The world has changed radically, and even luxury jewellery needs to adapt its PR strategies to reflect this. Connecting with influencers
and events that are aligned with high fashion and streetwear cultures in sincere and meaningful ways is an obvious and necessary step - wealthy consumers want to buy their way into the zeitgeist with their luxury purchases too.To sell high jewellery to luxury consumers today and in the future, the jewellery industry needs to collectively invest in creating long-term cultural impact, reinforcing the extremely personal psychology unique to jewellery, and using these ideas to forge intimate relationships with new types of luxury consumer.
THE UNACHIEVABLE
This year, A.I. art going mainstream is playing with our perceptions of reality itself, deep fake technology allows faux-celebrity endorsements to populate the internet, and speculative designs flood the fashion landscape - all further stretching the elastic nature of physics, truth and reality itself.

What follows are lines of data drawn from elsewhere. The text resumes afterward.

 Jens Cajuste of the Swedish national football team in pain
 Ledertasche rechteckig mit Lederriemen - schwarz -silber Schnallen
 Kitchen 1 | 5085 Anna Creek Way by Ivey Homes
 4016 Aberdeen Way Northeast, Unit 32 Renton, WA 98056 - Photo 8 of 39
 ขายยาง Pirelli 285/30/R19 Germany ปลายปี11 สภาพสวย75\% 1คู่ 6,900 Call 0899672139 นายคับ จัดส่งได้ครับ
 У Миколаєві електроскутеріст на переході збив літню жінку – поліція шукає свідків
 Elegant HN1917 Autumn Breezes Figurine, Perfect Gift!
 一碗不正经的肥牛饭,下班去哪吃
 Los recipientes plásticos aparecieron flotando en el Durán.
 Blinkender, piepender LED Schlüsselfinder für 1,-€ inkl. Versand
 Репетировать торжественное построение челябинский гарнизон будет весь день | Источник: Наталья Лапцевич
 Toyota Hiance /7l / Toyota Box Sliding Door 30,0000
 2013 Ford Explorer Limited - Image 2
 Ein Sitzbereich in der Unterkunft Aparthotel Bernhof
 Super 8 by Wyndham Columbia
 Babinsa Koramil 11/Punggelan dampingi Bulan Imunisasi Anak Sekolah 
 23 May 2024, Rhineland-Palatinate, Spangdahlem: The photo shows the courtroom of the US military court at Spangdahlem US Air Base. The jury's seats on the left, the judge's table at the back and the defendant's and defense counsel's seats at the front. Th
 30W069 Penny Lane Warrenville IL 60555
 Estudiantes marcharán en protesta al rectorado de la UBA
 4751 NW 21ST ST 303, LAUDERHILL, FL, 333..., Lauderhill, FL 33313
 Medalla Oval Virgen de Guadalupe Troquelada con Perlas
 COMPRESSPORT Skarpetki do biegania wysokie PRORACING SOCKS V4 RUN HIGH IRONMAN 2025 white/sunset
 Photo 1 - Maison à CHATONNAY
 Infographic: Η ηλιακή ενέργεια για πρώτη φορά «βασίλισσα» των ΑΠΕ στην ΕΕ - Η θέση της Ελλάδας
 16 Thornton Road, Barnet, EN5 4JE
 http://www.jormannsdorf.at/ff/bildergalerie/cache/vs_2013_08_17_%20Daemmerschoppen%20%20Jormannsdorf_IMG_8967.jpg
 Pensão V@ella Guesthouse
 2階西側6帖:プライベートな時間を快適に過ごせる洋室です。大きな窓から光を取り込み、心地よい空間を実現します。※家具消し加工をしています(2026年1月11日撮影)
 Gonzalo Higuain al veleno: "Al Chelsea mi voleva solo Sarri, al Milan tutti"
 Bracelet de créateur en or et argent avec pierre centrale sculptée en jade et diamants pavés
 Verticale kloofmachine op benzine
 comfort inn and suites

Contending with ideas of luxury, desirability, “forced novelty” and proximity to fame is Elizaveta Federmesser and Carl Rethmann’s ‘IT BAGS’ digital art project. Federmesser describes ‘IT BAGS’ as “an ongoing research into what really makes a bag 'it'. Preliminary answer: The bag should have a counterfeit.” Their thesis explores the idea that luxury bags can only be determined to be ‘IT’ when there are ‘fakes’ and replicas produced. Promotional content for the project featured the likenesses of celebrities created with A.I., with their faces partially obscured. "It Bags is a speculative design project that questions the idea of forced novelty in fashion. Is every new it-bag a remix of a previous one? There is nothing new except what has been forgotten. Using A.l. as a trend forecasting machine, Federmesser and Rethmann produce a collection of It-bags for the Spring/Summer 2023 season. These new designs are based on a dataset of pictures of iconic IT bags from history."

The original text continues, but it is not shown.